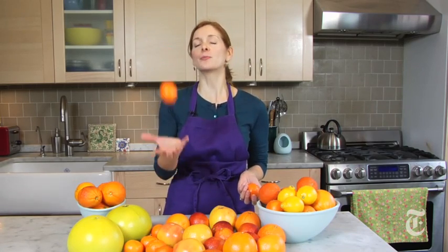Hi, I'm Melissa Clark from The Dining Section and I'm here to bring a little sunshine into your winter. I'm gonna show you how to make the most refreshing, the brightest, the puckeriest salad of your entire season — and that's a citrus salad.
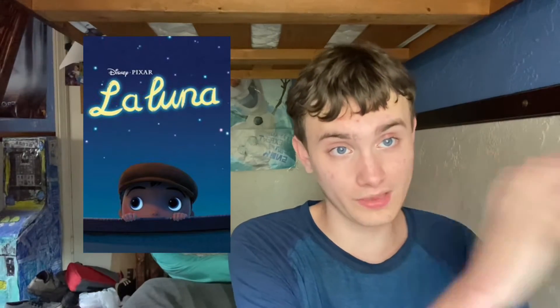What do I think of this short? I have to say this is definitely one of Pixar's best shorts. It's definitely such a beautiful short - one of Pixar's most gorgeous looking shorts ever. This short was also directed by Enrico Casaroso, who also directed Luca this year, which I thought was a really great film. I definitely thought this was well done as well.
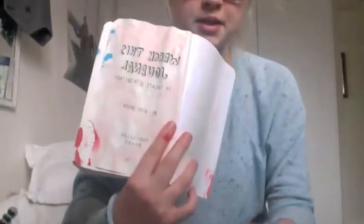But overall, I hope you like it, and that is how to dye paper using flowers. Bye!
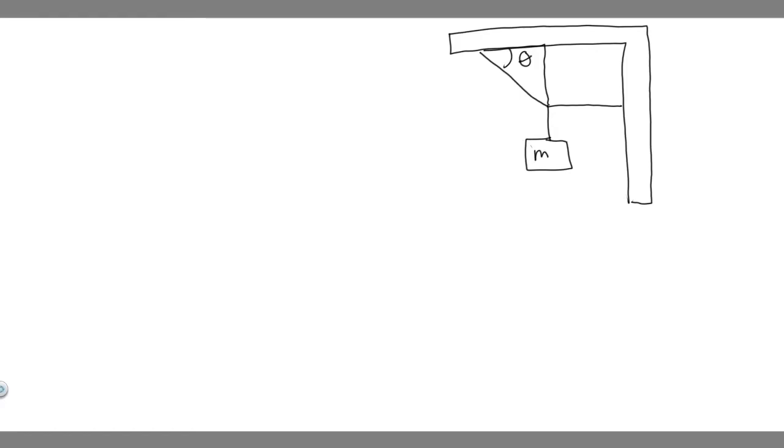In this problem, we're told to find the tension in the two chords shown in this figure. Neglect the mass of the chords and assume that the angle theta is 33 degrees and that the mass m is 190 kilograms. So let's write that down: theta is 33 degrees, and mass m is 190 kilograms.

══════

→ WHAT TO WORK ON: The lines from the one containing "But overall, I" to the end of the material must be output exactly, both ends included; no picture may appear.

→ OUTPUT OF THE TASK:
But overall, I hope you like it, and that is how to dye paper using flowers. Bye!
In this problem, we're told to find the tension in the two chords shown in this figure. Neglect the mass of the chords and assume that the angle theta is 33 degrees and that the mass m is 190 kilograms. So let's write that down: theta is 33 degrees, and mass m is 190 kilograms.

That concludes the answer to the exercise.